Habib N-word saga: Shivambu says he should fall on his sword, Zille insists it's 'cancel culture'

Adam Habib has been suspended as director of the School of Oriental and African Studies (SOAS) for using the N-word. File photo.
Adam Habib has been suspended as director of the School of Oriental and African Studies (SOAS) for using the N-word. File photo.
Image: Alon Skuy

EFF deputy leader Floyd Shivambu and DA federal council chairperson Helen Zille have weighed in on a no-confidence motion passed against Adam Habib by a students' union for his use of the N-word.

The SOAS Students' Union last week passed a motion of no confidence against Habib after a controversy over his use of the N-word while addressing students at the University of London’s School of African and Oriental Studies (SOAS) during a webinar.

In a statement, the union said its members overwhelmingly backed a vote of no confidence in Habib - 407 of the members present voted in favour of the motion, 65 voted against it, and 11 abstained. The institution is still investigating the incident.

“Members also called on the school to ensure that no student faces repercussions for challenging the director’s use of the N-word in the all-student meeting of March 11 2021, and to provide transparency regarding its handling of complaints after the meeting,” the statement read.

Weighing in on the matter, Shivambu said Habib “will fall on his sword if he’s not a narcissist”.

Zille said the motion of no confidence was part of “cancel culture” and was “insane”.

“The modern form of medieval witch burning is one of the greatest dangers facing democracies today.
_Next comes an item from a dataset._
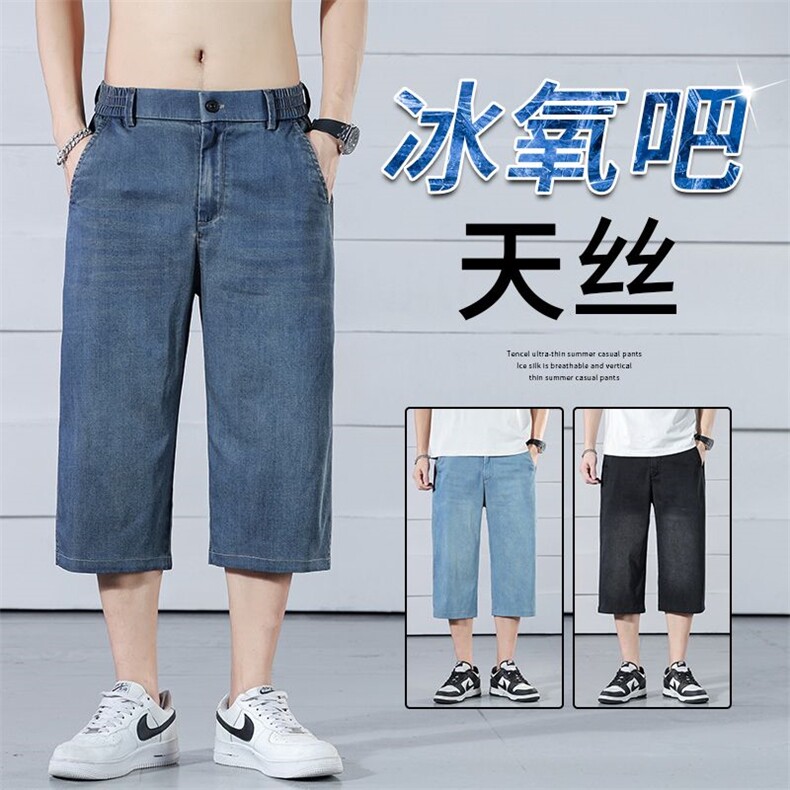 D629-p46现货（夏季七分）男士休闲宽松直筒薄款牛仔裤五分短裤男,男装牛仔裤,星座224-1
For those who think it is not a priority, you will look back in 10 years' time and see how wrong you were,” said Zille.

Earlier Zille said the backlash against Habib on social media was a textbook study of “cancel culture”.
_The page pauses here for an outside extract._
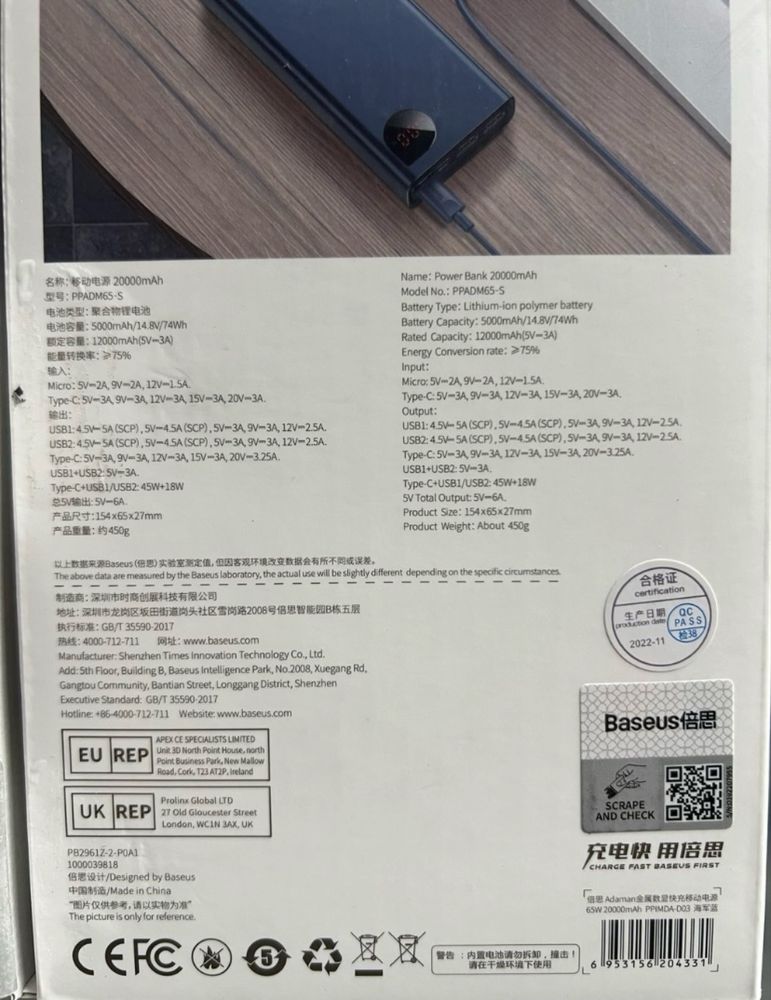 БРАК 65w 20000mah baseus павербанк adaman metal акумулятор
She said Habib expressed “amazement that his words were decontextualised” and his apology ignored.

“These are two of the standard tactics of cancel culture. The first tactic is to take the 'offending act' out of its context, to make it seem as egregious as possible,” said Zille.
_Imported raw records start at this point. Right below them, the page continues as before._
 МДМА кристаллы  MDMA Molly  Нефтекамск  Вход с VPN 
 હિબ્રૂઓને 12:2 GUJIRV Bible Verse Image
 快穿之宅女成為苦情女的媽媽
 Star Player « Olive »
“The next is to reject the apology out of hand. Indeed, an apology often makes things worse because it is (mis)interpreted as 'proof' of the seriousness of the offence.”

In his defence, Habib said in a Twitter thread, the videos of him using the N-word, circulated on social media, were deliberately cropped in a way to misrepresent his comments.

“Do I think I did something wrong? No, for reasons I explained above. However, I did apologise because some individuals felt offended, and it was the right thing to do. Did it make a difference? No, because some focus on the politics of spectacle. These are my final words on the issue,” he said.